What to work on
Excluding pictures, retype the line with "T-shirt de sport" and each line that follows it to the end of the data below, word for word.

Collected data
[Start of Attachment]

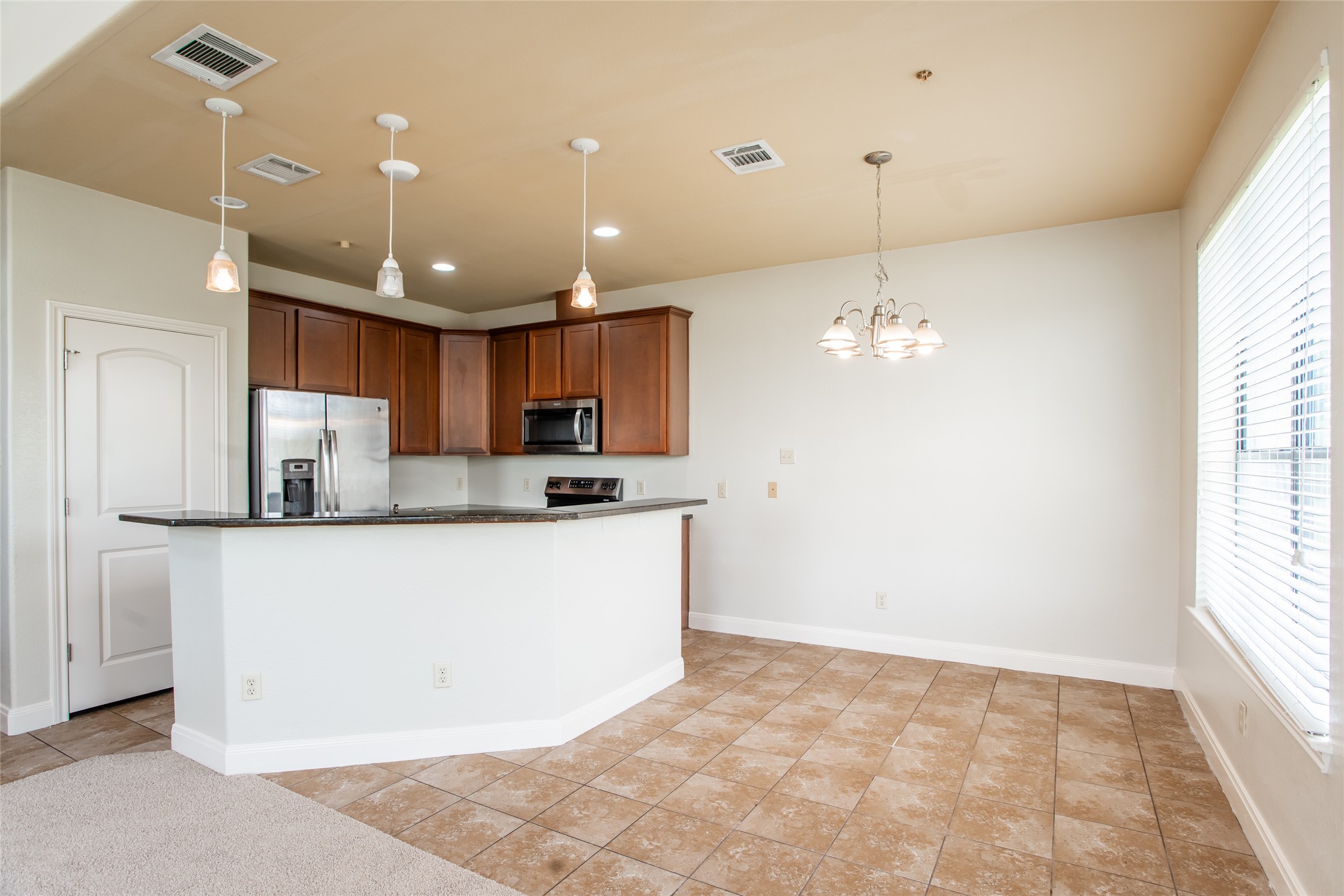 1010 Immanuel Road, Unit 128 Pflugerville, TX 78660 - Photo 5 of 17 An open-concept living space integrates a well-appointed kitchen with an inviting dining area.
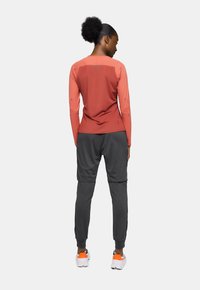 T-shirt de sport à manches longues couleur corail avec des panneaux texturés, associé à un jogging gris foncé et des chaussures blanches avec des accents orange.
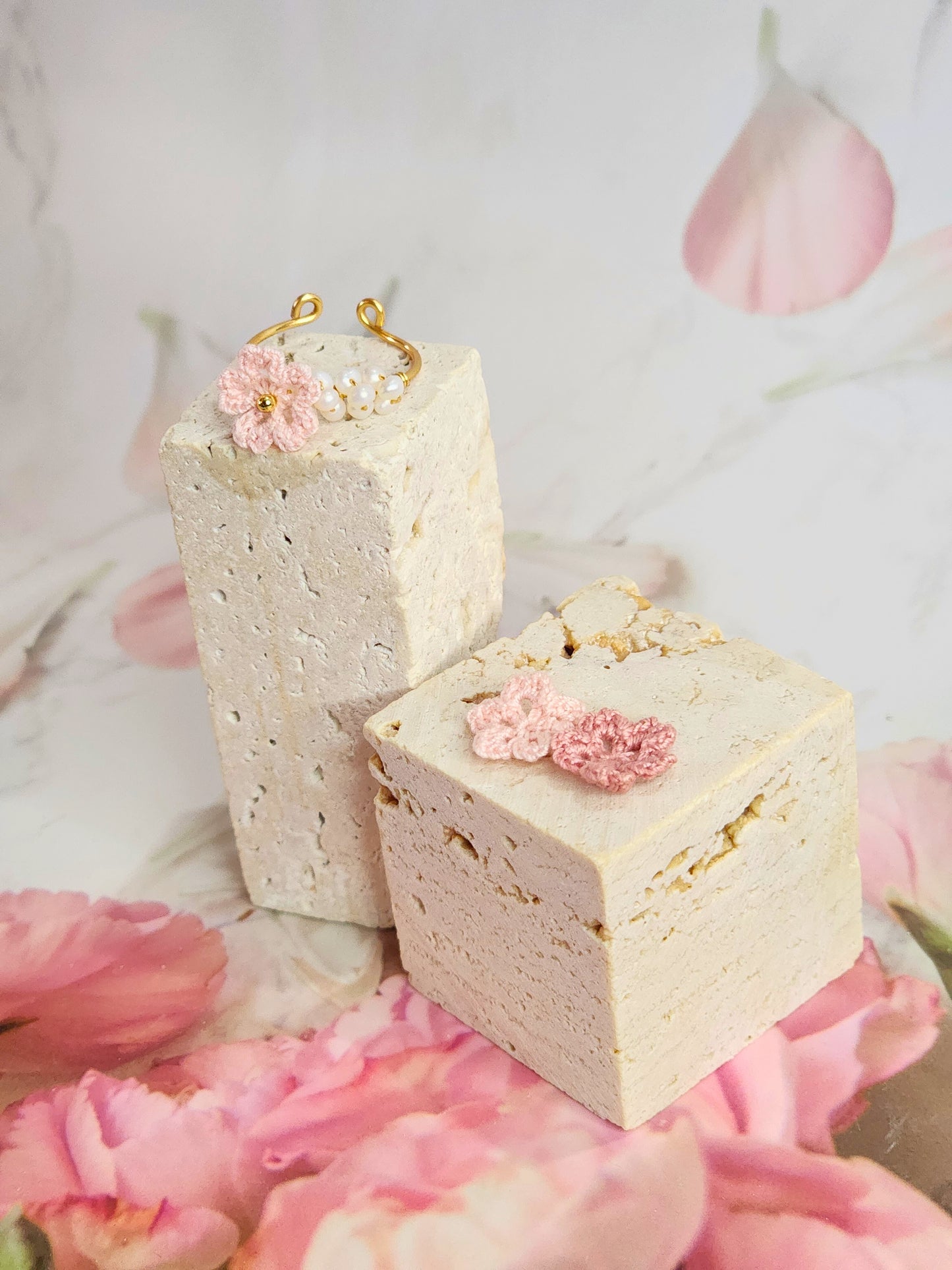 Band of natural freshwater pearls ring adorned with a delicately handcrafted micro‑crochet Sakura. 18K gold-plated adjustable ring.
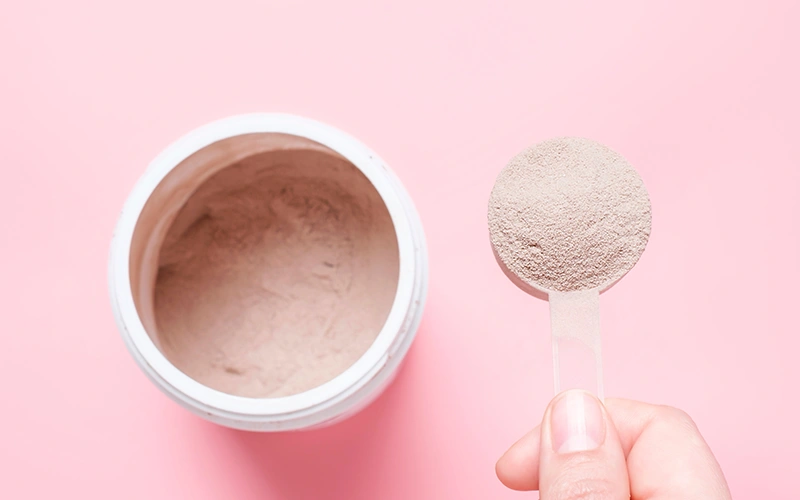 Chocolate meal replacement shake powder in scoop and plastic jar on pink background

[End of Attachment]

Solved problem
 T-shirt de sport à manches longues couleur corail avec des panneaux texturés, associé à un jogging gris foncé et des chaussures blanches avec des accents orange.
 Band of natural freshwater pearls ring adorned with a delicately handcrafted micro‑crochet Sakura. 18K gold-plated adjustable ring.
 Chocolate meal replacement shake powder in scoop and plastic jar on pink background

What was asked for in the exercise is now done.